= WHAT TO WORK ON =
Set the pictures aside and return each record below precisely as written.

Records contained in a dataset
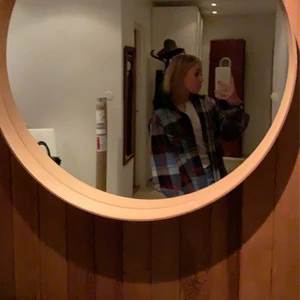 Rutig jacka - Nu är det dax att sälja min ”picknickjacka” som ja älskar länge o använt mycket. Köpt secondhand i newyork så finns förmodligen ingen likadan här i Sverige iaf. Den är i strlk L men skulle säga mer M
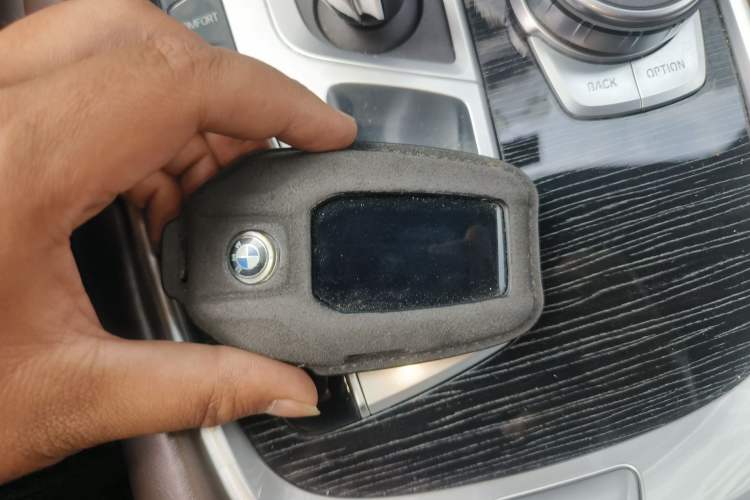 Used BMW 7 Series 2019 740Li Leading Model M Sport Package Vehicle Key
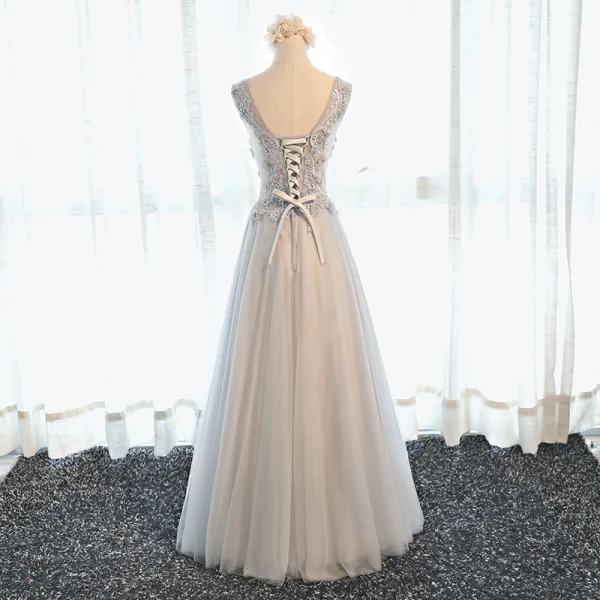Chic / Beautiful Hall Formal Dresses 2017 Evening Dresses Grey Floor-Length / Long A-Line / Princess Cascading Ruffles V-Neck Sleeveless Backless Lace Appliques Flower Pearl Beading Sequins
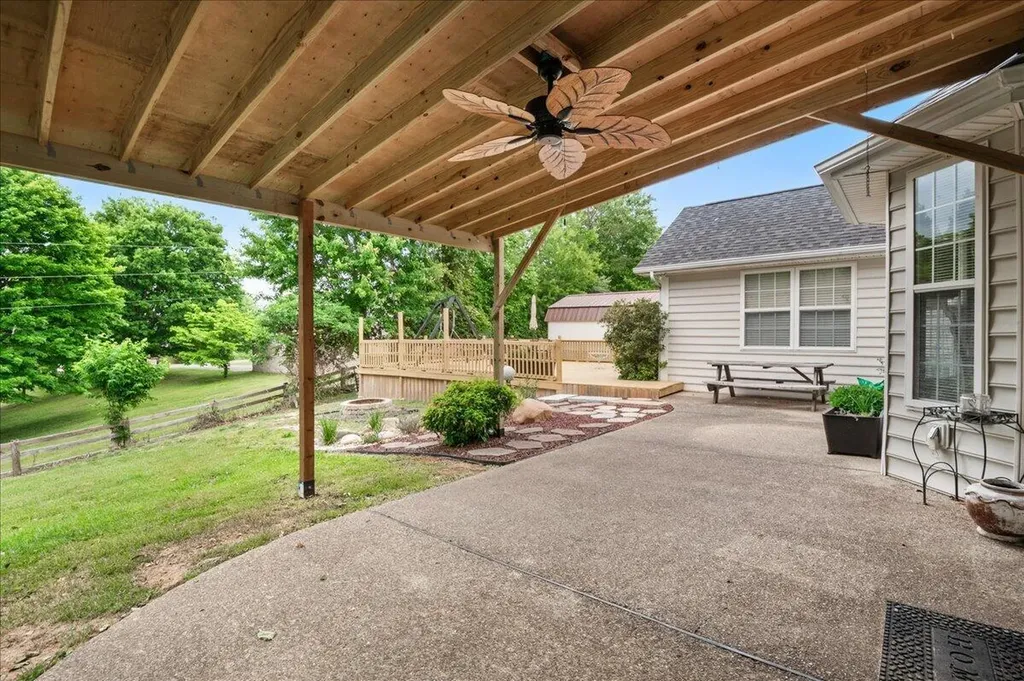 129 Ridge Point Lane Corbin KY 40701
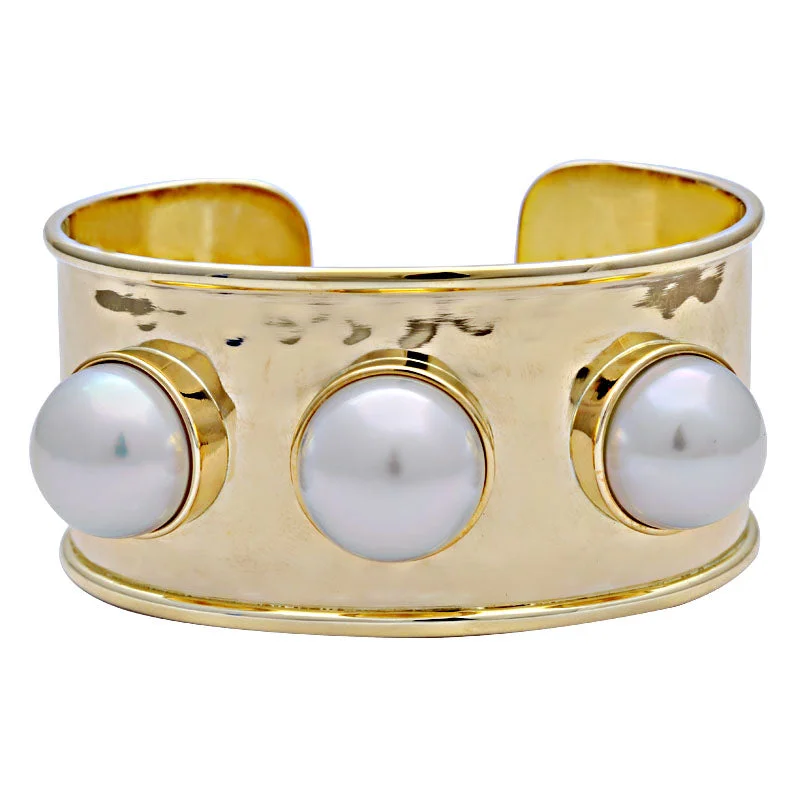 Ladies Bracelets with Cream Howlite-Cuff Bangle-South Sea Pearl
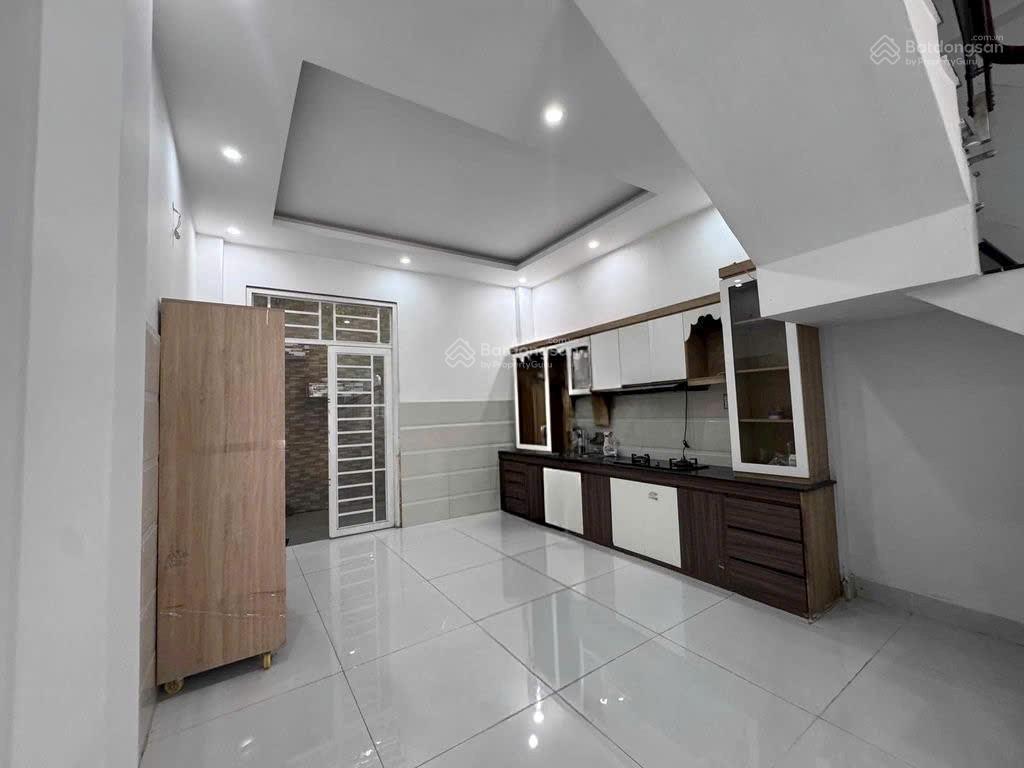 Cho thuê nhà 4pn.3wc  đường 30 linh đông, thủ đức (cách phạm văn đồng 500m)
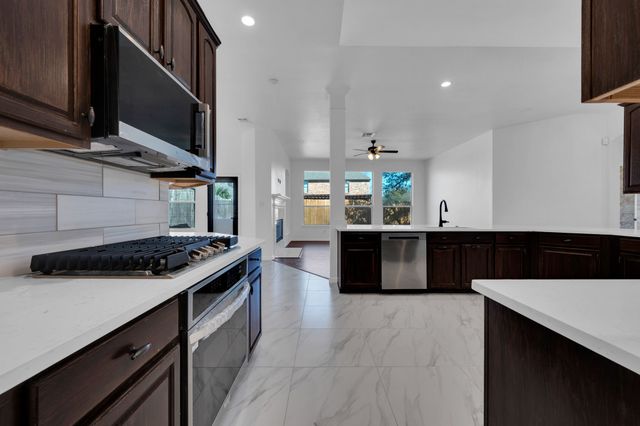 6980 Catamaran Drive, Grand Prairie, TX 75054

= TASK SOLUTION =
 Rutig jacka - Nu är det dax att sälja min ”picknickjacka” som ja älskar länge o använt mycket. Köpt secondhand i newyork så finns förmodligen ingen likadan här i Sverige iaf. Den är i strlk L men skulle säga mer M
 Used BMW 7 Series 2019 740Li Leading Model M Sport Package Vehicle Key
Chic / Beautiful Hall Formal Dresses 2017 Evening Dresses Grey Floor-Length / Long A-Line / Princess Cascading Ruffles V-Neck Sleeveless Backless Lace Appliques Flower Pearl Beading Sequins
 129 Ridge Point Lane Corbin KY 40701
 Ladies Bracelets with Cream Howlite-Cuff Bangle-South Sea Pearl
 Cho thuê nhà 4pn.3wc  đường 30 linh đông, thủ đức (cách phạm văn đồng 500m)
 6980 Catamaran Drive, Grand Prairie, TX 75054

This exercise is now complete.